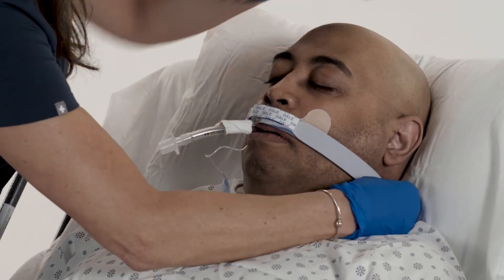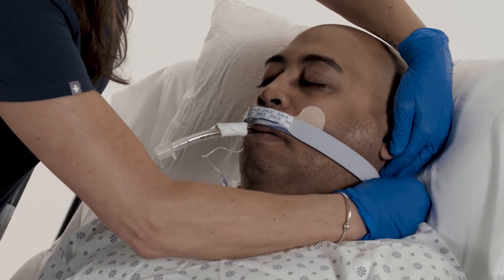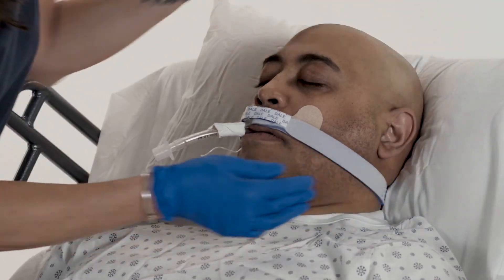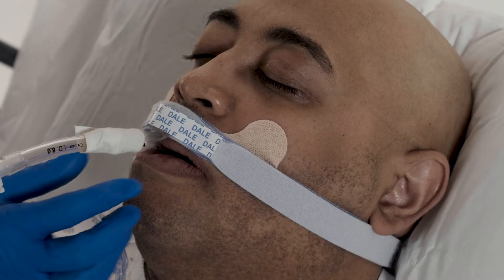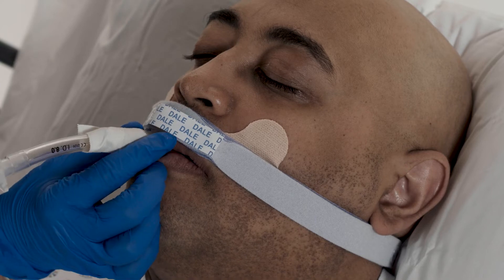Adjust the fastener tabs on the neckband for a snug fit as necessary. To reposition the tube in the patient's mouth, hold the taped channel with one hand.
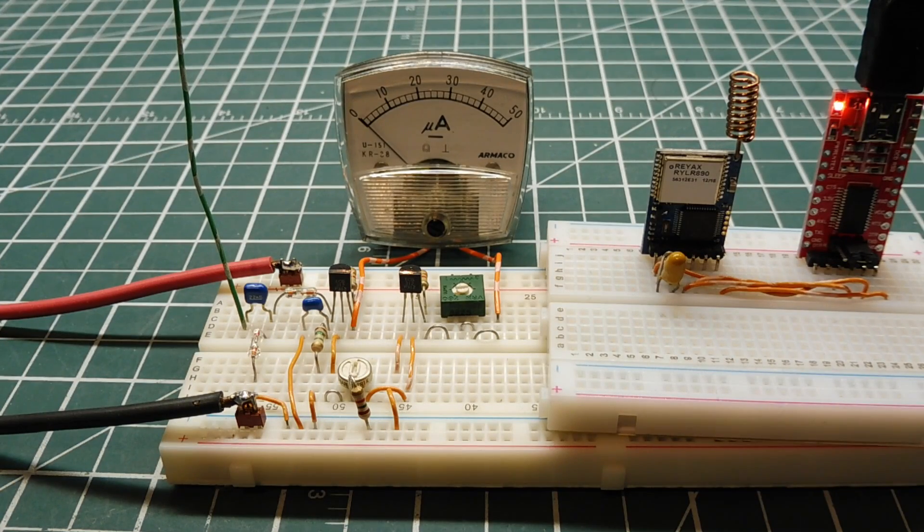I have my Reyax LoRa module hooked up to my computer and I can send it some data to monitor the RF output of the Reyax LoRa module, which is very low power. I'll send a hello world string, transmit it out the LoRa radio module — I have a receiver on so we can hear the data burst — and we can watch the RF field strength meter. You can see I'm getting full deflection from my LoRa module every time I send the hello world data burst.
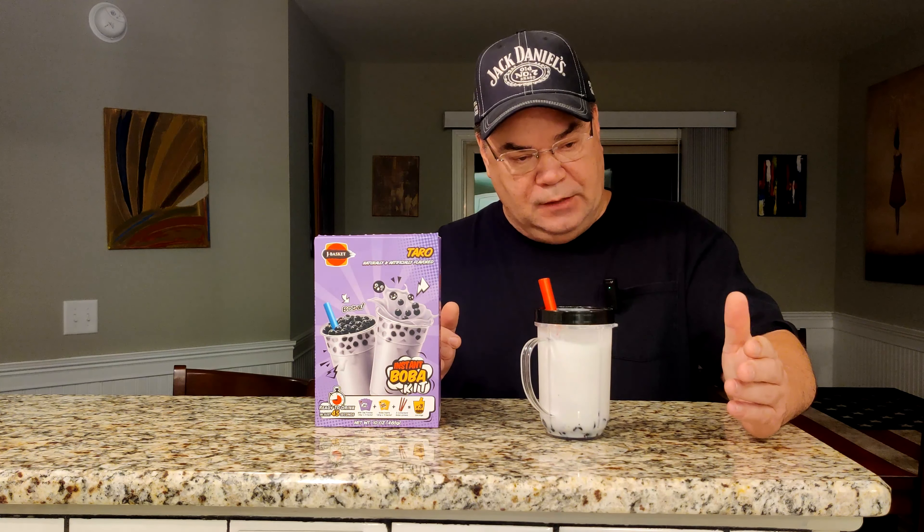Now the problem with that nowadays is these things are pretty high. I've paid anywhere from around $7 to $8 for these. Don't get me wrong, every now and then treats are nice, but I like to have them a little more often than that. So on Amazon you can buy the powder, you can buy the pearls — the tapioca pearls — but you have to cook them.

§ EXERCISE AIM: Aside from its pictures, the listing must be given again in full, exactly as it appears.

§ OUTPUT:
Adjust the fastener tabs on the neckband for a snug fit as necessary. To reposition the tube in the patient's mouth, hold the taped channel with one hand.
I have my Reyax LoRa module hooked up to my computer and I can send it some data to monitor the RF output of the Reyax LoRa module, which is very low power. I'll send a hello world string, transmit it out the LoRa radio module — I have a receiver on so we can hear the data burst — and we can watch the RF field strength meter. You can see I'm getting full deflection from my LoRa module every time I send the hello world data burst.
Now the problem with that nowadays is these things are pretty high. I've paid anywhere from around $7 to $8 for these. Don't get me wrong, every now and then treats are nice, but I like to have them a little more often than that. So on Amazon you can buy the powder, you can buy the pearls — the tapioca pearls — but you have to cook them.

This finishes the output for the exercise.